On August 23, 2023, the Company and MDxHealth executed the Second Amendment to the Asset Purchase Agreement (“Second Amendment”) related to the sale of the GPS test. Under the Second Amendment, the Company agreed to allow MDxHealth to defer the 2023 contingent consideration payment by three years in exchange for additional consideration and more favorable contingent consideration terms. The Company received additional consideration with a fair value of $3.1 million, which was recorded as a gain for the three and nine months ended September 30, 2023, and is included in other operating income (loss) in the condensed consolidated statement of operations. The Second Amendment also increases the maximum contingent consideration from $70.0 million to $82.5 million and eliminates the minimum revenue thresholds previously required to be met under the Asset Purchase Agreement.

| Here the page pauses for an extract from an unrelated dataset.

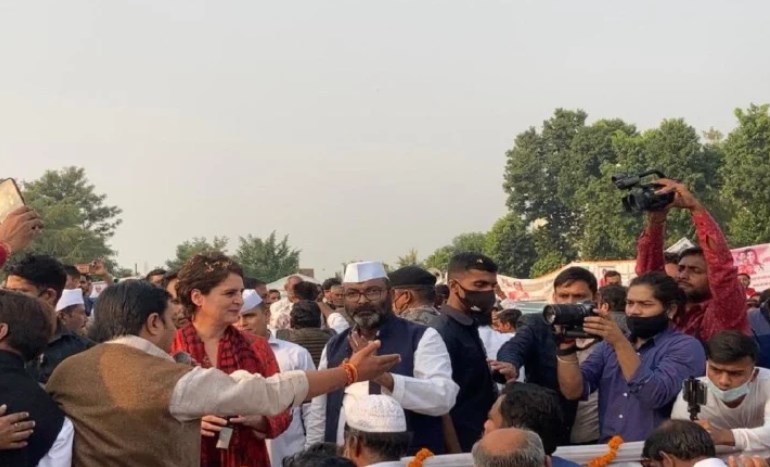 प्रियंका का एलान: कांग्रेस सभी सीटों पर लड़ेगी चुनाव, भाजपा नेतृत्व नहीं करता है आजादी का आदर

As a result of the elimination of the minimum revenue thresholds, the Company determined that a significant reversal of a gain is not probable and therefore the contingent consideration is no longer constrained. The Company recorded a contingent consideration gain of $68.9 million for the three and nine months ended September 30, 2023, which is included in other operating income (loss) in the condensed consolidated statement of operations. The gain was estimated using historical GPS test revenues by MDxHealth under the most likely amount method.
As of September 30, 2023, the contingent consideration is classified as a contract asset. The contract asset, which is included in other long-term assets, net on the condensed consolidated balance sheet, was $68.9 million and zero as of September 30, 2023 and December 31, 2022, respectively.